Rolando Villazón in Lyon
July 2011 in Articles
Among his many other non-singing pursuits, Rolando Villazón has become the latest active singer to try his hand at opera directing, which must be one of the only professions in the world these days for which no qualification other than a recognizable name is required. His choice of Massenet’s Werther—or opera de lyon’s choice of him—was interesting because he is still scheduled to sing the title role at Covent Garden next month. The first night on January 24 attracted unusual Europe-wide press attention, some of it sympathetic, some rather more sceptical.
By recent singer-turned-director standards, Villazón’s Werther is by no means a shameful piece of work, although he was badly let down by his designers (or by their budget). François Séguin’s flimsy sets and Thibault Vancraenenbroek’s garishly colour-coded period-ish costumes evoked none of the subtle poetry of Massenet’s score, which was ably if not entirely idiomatically conducted by Leopold Hager. Villazón’s early career as a member of Daniel Barenboim’s Deutsche Staatsoper in Berlin was evidenced in a couple of jarring Regietheater tics. Although he played the action more-or-less straight, he couldn’t resist introducing a quartet of clowns who, like the Harlequinade in Ariadne auf Naxos, were almost omnipresent and rarely welcome. Coincidentally, it seemed, they sang the roles of Johann (Nabil Suliman), Schmidt (Jean-Paul Fouchécourt), Kätchen (Marie-Laure Cloarec) and Bruhlmann (Gregory Escolin). Werther and Charlotte were saddled with child-doppelgängers—yes, that old 1980s chestnut—neither of whom added much to the action.

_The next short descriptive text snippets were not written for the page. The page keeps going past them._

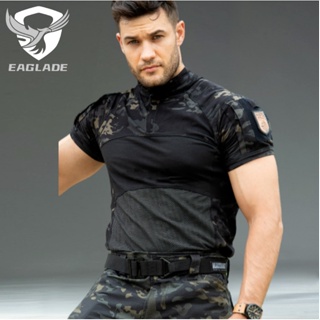 Eaglade เสื้อยืด แขนสั้น ลายกบยุทธวิธี YDJX-FG-DX In Night Camo ยืดหยุ่น สําหรับผู้ชาย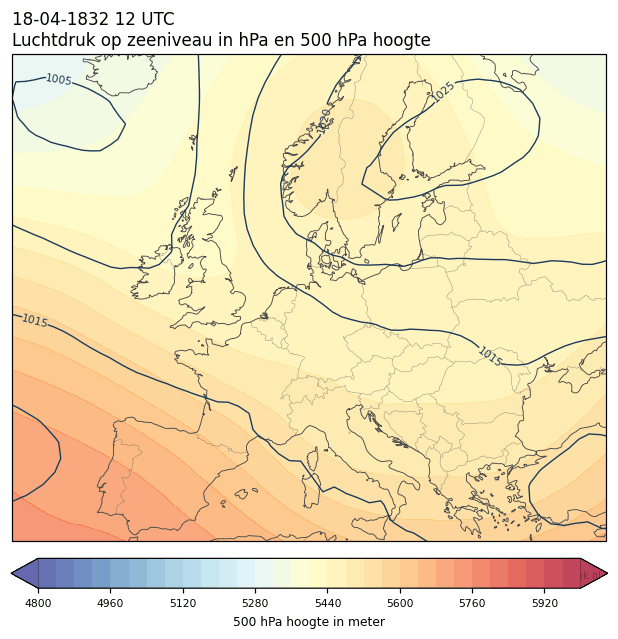 Weerkaart van 18 april 1832 om 12 UTC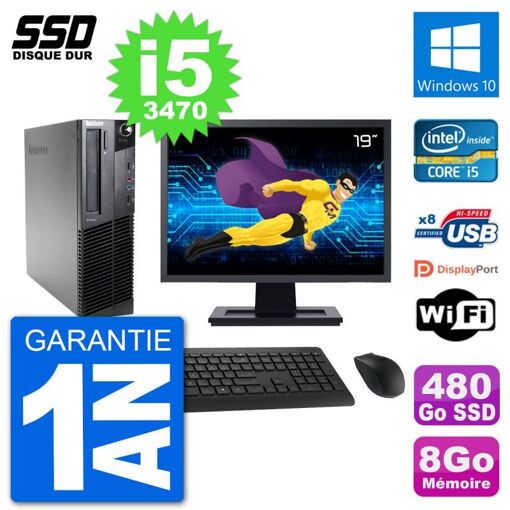 Lenovo M92p SFF Desktop Computer, 19" Screen, Intel i5-3470, 8GB RAM, 480GB SSD, Windows 10, Wifi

At least Villazón (with help from his assistant, Didier Kersten) was able to draw plausible dramatic performances. Arturo Chacón-Cruz, Villazón’s younger compatriot and another Domingo protégé, lacks the confidence Villazón displayed in his debut as Werther six years ago. Under pressure his intonation suffered, and he sounded tired towards the end, but the basic sound of his tenor—lighter, brighter than Villazón’s—is hugely appealing: plangent, Italianate, impassioned. He was at a slight disadvantage among an all-francophone supporting cast, who sang with clarity and verve: a rare pleasure indeed. They included Karine Deshayes’s idiomatic, light-voiced Charlotte, Anne-Catherine Gillet’s skittish Sophie and Alain Vernhes’s classic Bailli (which he sings at the ROH in May). If only there were a young, native French-speaking Werther to match them.